Als ich das Rad gekauft habe, gab es ein kleines Schutzblech beim hintere Federung. Dies ist jetzt total kaputt, weil dreck zwischen Rad und Schutzblech stecken bleibt.

Hat jemand eine bessere Lösung?

Gruss


Rich


----------



## jasper (9. Dezember 2007)

ich hab das hier:
http://sks-germany.de/sks.php?l=de&a=product&i=5288270026
aber im endeffekt hab ich es noch nie benutzt.


----------



## MTB-News.de




----------



## frogbite (9. Dezember 2007)

Hi, Rich,

jaspers Lösung schützt zwar den Rücken, aber nicht den schweineteuren RP23. Da bei mir das Original-Dämpferschutzblech am Fat Albert schliff (bzw. umgekehrt) und dann den Geist aufgab (das Schutzblech), habe ich mir ne Lizard-Skin für den Dämpfer besorgt. Fand ich aber auch nicht so befriedigend. Also habe ich mir für lau (also eigentlich geschenkt) von meinem Händler noch so einen original Dämpferschutz von Cube besorgt, habe aber innen eine Rinne für den Kabelbinder rausgeschliffen, so dass dieser nicht mehr übersteht und der Abstand Reifen-Schutzblech zumindest etwas größer ist. Seitdem (1/2 Jahr) ist tatsächlich Ruhe. Und falls mir das Blech wieder wegfliegt, kommt das nächst dran. Ist ne günstige und einfache Lösung.

F.B.


----------



## Turbo_R3 (9. Dezember 2007)

richardlevy schrieb:


> Hallo,
> 
> ich habe den Cube Stereo 2006.
> 
> ...


 Ich hab mir wie auf dem Bild zu sehen geholfen. Ein Stück alten Reifen mit Kabelbinder am oberen Teil des Dämpfers befestigt.


----------



## hoerman2201 (9. Dezember 2007)

Turbo_R3 schrieb:


> Ich hab mir wie auf dem Bild zu sehen geholfen. Ein Stück alten Reifen mit Kabelbinder am oberen Teil des Dämpfers befestigt.


ich seh kein bild


----------



## Turbo_R3 (9. Dezember 2007)

hoerman2201 schrieb:


> ich seh kein bild



aber jetzt??


----------



## dave_01 (9. Dezember 2007)

Turbo_R3 schrieb:


> Ein Stück alten Reifen mit Kabelbinder am oberen Teil des Dämpfers befestigt.

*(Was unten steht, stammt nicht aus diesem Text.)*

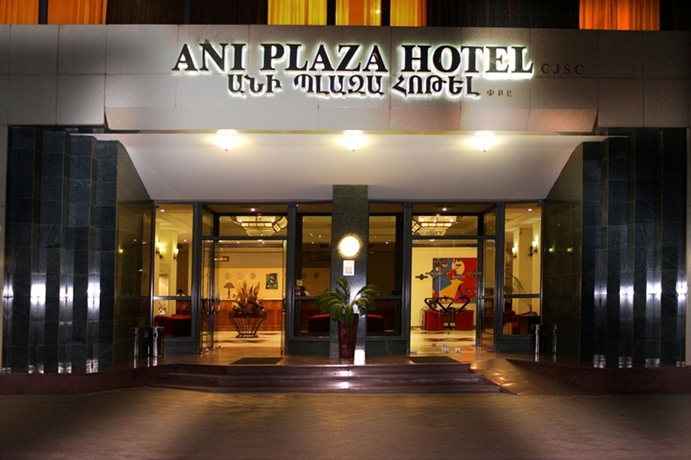 Imagen de los interiores del Hotel Ani Plaza. Foto 9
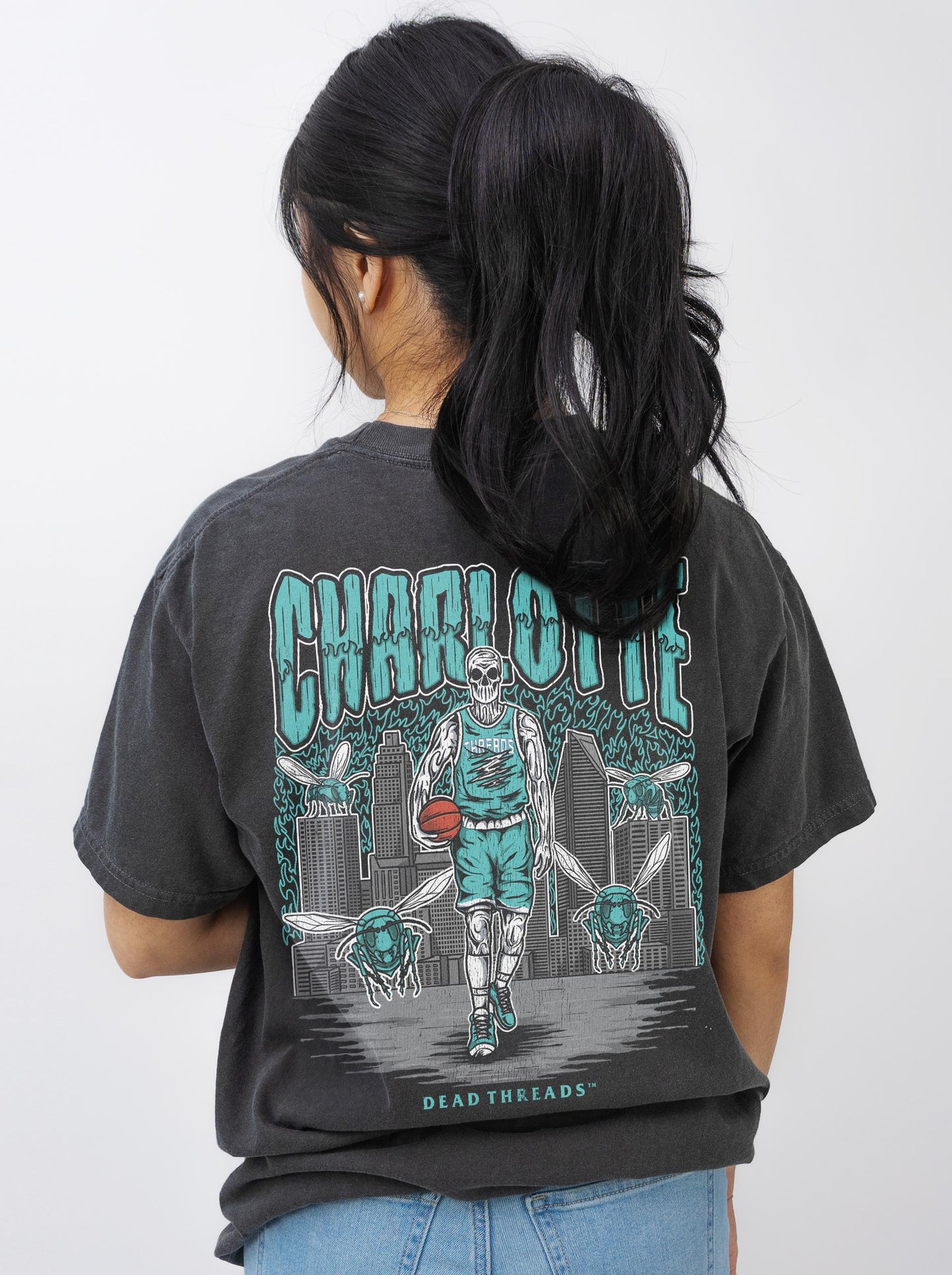 CHARLOTTE BASKETBALL - “DT ESSENTIAL" PREMIUM T-SHIRT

Schaut ja nicht schlecht aus, aber stört das nicht beim Einfedern? Muss sich beim Einfedern der alte Reifen verformen?


----------



## Turbo_R3 (9. Dezember 2007)

Der Schutz ist hängt unten frei. Hab das heute auf der ersten Tour getestet und nix störendes bemerkt. Der Kolben des Dämpfers sah recht sauber aus, was man vom Rest des Rades nicht mehr sagen konnte.


----------



## Cube.Team.Biker (13. Dezember 2007)

Hallo

Ich habe auch probleme mit dem orginalen Stereo-Dämpderschutzblech gehabt, im härteren Gelände ist da der mittlere Kabelbinder öfters gerissen und das Schutzblech hats durchgezwirbelt.

Hier meine aktuelle Lösung:

zusätzlich zum Dämpferschutzblech ist um den Kolben ein alter Fahrradschlauch mit Kabelbindern fixiert und über das Ganze habe ich dann einen Speedstuff Neopren Dämpferschutz (da dringt nichts mehr durch)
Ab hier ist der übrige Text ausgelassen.